Monday, Jul. 18, 1927

Paired Again

For more than four years two oily half-brothers have intermittently engaged the attention of the U. S. public. Their names are Teapot Dome and Elk Hills and their resemblance is close enough to make them almost twins. Teapot Dome, however, resulted from a collaboration between onetime (1921-23) Secretary of the Interior Albert B. Fall and Harry F. Sinclair, oilman; Elk Hills proceeded from an association between Mr. Fall and Edward L. Doheny, also an oilman. So they have constituted two distinct, though parallel cases which in 1923 spread a sticky mess over the Harding Administration and cheered many Democrats with the happy thought that the next President would be chosen from the Democratic party. But with the death of President Harding and the advent of President Coolidge the oil scandals slipped out of the headlines and into the courts and, what with the slowness of legal procedure and the public willingness to trade old sensations for new, Teapot Dome and Elk Hills ceased to agitate the popular mind.

Last February, indeed, even the courts appeared to have finished with the Elk Hills half of the scandal. By a unanimous decision of the U. S. Supreme Court (Feb. 28, 1927) the Doheny lease on the Elk Hills naval oil reserve was declared invalid and the property was restored to the U. S. Government. This decision settled the Government's civil suit to recover the lands leased by Mr. Fall. Meanwhile, on Dec. 16, 1926, the Government's criminal prosecution of Messrs. Fall and Doheny had failed when a jury in the District of Columbia Supreme Court aquitted the accused.

So only the Teapot Dome portion of the oil investigation remained unsettled. The Government's civil suit to recover the property is still pending before the U. S. Supreme Court. The Government's criminal suit against Messrs. Fall and Sinclair is to be tried on Oct. 17 in the District of Columbia Supreme Court. When these two decisions should be reached, it appeared that the Oil Scandals would then become definitely a matter of history.

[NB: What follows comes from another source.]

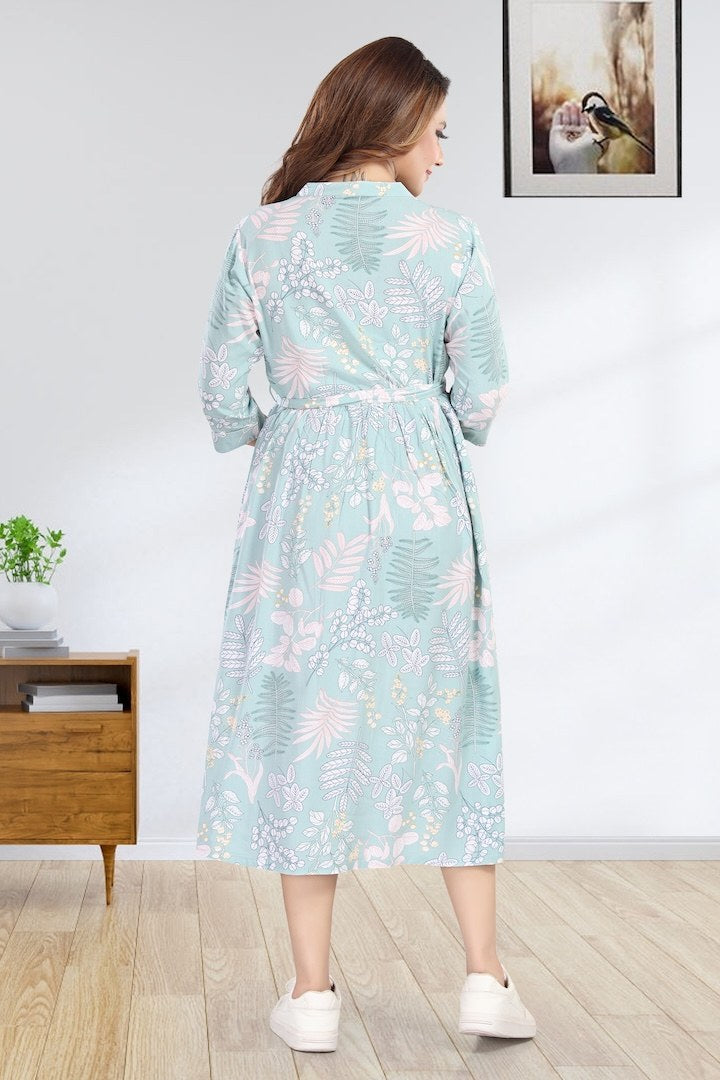 Celestial Blue Printed Maternity Dress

But last week the Elk Hills half of the combination suddenly took on new life; the Hills-Dome half-brothers became paired again. For though Messrs. Fall and Doheny had been acquitted on a charge of conspiracy, there still remained against them indictments for bribery. Fall-Doheny attorneys had attacked the validity of these indictments after the U. S. Supreme Court's civil suit decision that the transfer of the Elk Hills lease from the Navy Department to the Department of the Interior (1921) had been illegal. The lawyers claimed that, assuming that this transfer was illegal, Mr. Fall had no authority to deal with Mr. Doheny on the leasing question. And in a previous case a federal court had decided that no bribery charge could be brought against an official who was being induced to promise something the performance of which lay outside the duties of his office. (If for instance a U. S. Representative was offered money to help put a bill through the U. S. Senate, he could not be prosecuted for having "sold" his office because he had no official connection with what the Senate might do.) While this ruling may seem to the lay mind technical, theoretical and involved, it was nevertheless one of the reasons why the Government preferred to try Messrs. Fall and Doheny first on the conspiracy charge and let the bribery indictments hold over.

Last week, however, Justice William Hitz of the District of Columbia Supreme Court ruled that the bribery indictments were valid. Justice Hitz ruled that the Harding order transferring the Elk Hills reserve to the Department of the Interior "had the force of law until revoked or declared invalid." He said that "an official act need not be a lawful act to render the official liable but need only be official in form and done under the color of his office." Therefore the bribery indictments held good and Messrs. Fall and Doheny would have to stand trial under them.

Thus it appeared that the entire Elk Hills business would be dredged up again and that the familiar "little brown bag" in which Edward L. Doheny Jr. took to Mr. Fall the $100,000 which Mr. Doheny calls a loan and Government attorneys call a bribe would once more be inspected by a jury. Shocked, irate, lawyers for the defendants protested that Messrs. Fall and Doheny were being tried twice for the same offense. They argued that U. S. Justice had come to a lamentable state when the Government, having failed to get a conviction for conspiracy, could change the cause of action to bribery and thereby secure a new deal with the old deck. But unless they can reverse the Justice Hitz decision on the "double jeopardy" theory, the future will see a Fall-Doheny as well as a Fall-Sinclair criminal trial. The oily half-brothers appeared to have been united again.